On the other hand, calling books like The Right Stuff and On The Road non-fiction seems to be stretching any reasonable definition to breaking point.

It's a bit of a cop-out to say that books of this sort should be addressed case by case - rather like admitting intellectual defeat; in the words of Randy & Andy Pig, "This job is too hard!". But perhaps the question is really just too big, after all.

Rats and double rats.

Tobytook
 
The professionals come unstuck, too!

(Source: The Guardian Review 01/05/02)

Interestingly, when a panel of literary celebs were asked to choose their fave books, problems of a similar nature occurred.

Michael Holroyd selected Virginia Woolf's Orlando as a biography.

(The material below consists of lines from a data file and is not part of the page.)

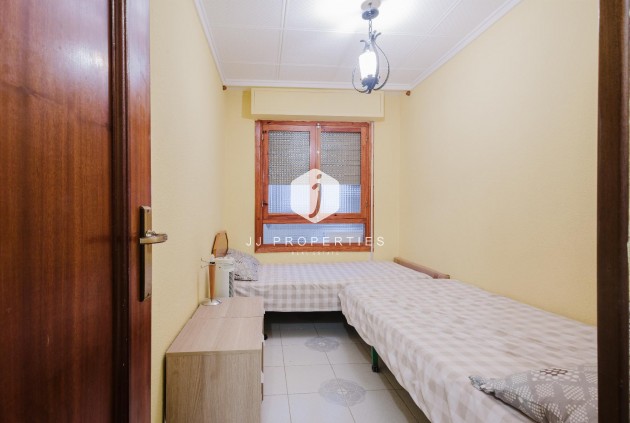 Resale - Apartment / flat -
Torrevieja - Costa Blanca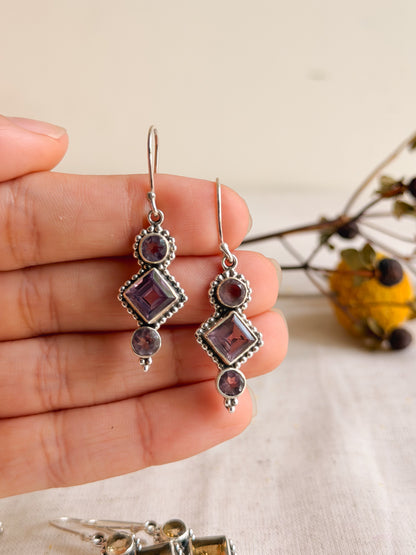 Trikon silver earring with fish hook and gemstones (4 color variant)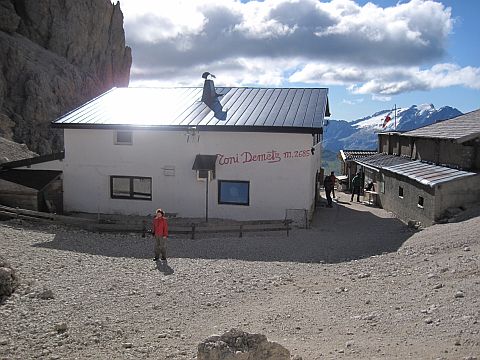 Toni-Demetz-Hütte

Simon Schama chose two novels as historical works: If Not Now, When by Primo Levi, and The Leopard by Giuseppe di Lampedusa.
Originally posted by Darren
I would class (auto)biographies in an area of their own. Most will be factual, but I would imagine that there's a bit of "embellishment" there too.
Serendipity strikes - here's a link to the above mentioned Michael Holroyd's article, Our Friends The Dead, on how biog and autobiog have changed over the years - and their closer ties with fiction.

Tobytook
 
Memory is a device for forgetting as well as for remembering. To that extent, every autobiography is a work of fiction, and every work of fiction is an autobiography.:D

how's dat:confused:

:D

lol

(credits: P.D. James, Time To Be In Earnest (knopf) )
 
Interesting. Good opening line ("Memory is a device...").

Anyway, I think the second part sort of scuppers the good opening line. Some things can be remembered despite not ever having happened. (Weird but true - think how many vivid images are locked in your memory that never really occurred outside your head.) But even if something is forgotten, it did actually happen.

I do think that a lot of autobiography (and biography, and journalism, and other kinds of "non-fiction") has fictional aspects - and posters to this thread have already discussed how that works. But I don't think that those aspects slip in conveniently when memory blanks out, and vice versa, as the (paraphrased?) quote suggests. It's not that simple. Perhaps it is more to do with memory also being a device for selective and - one step further - creative remembering. In that sense, the quote's central premise has more strength.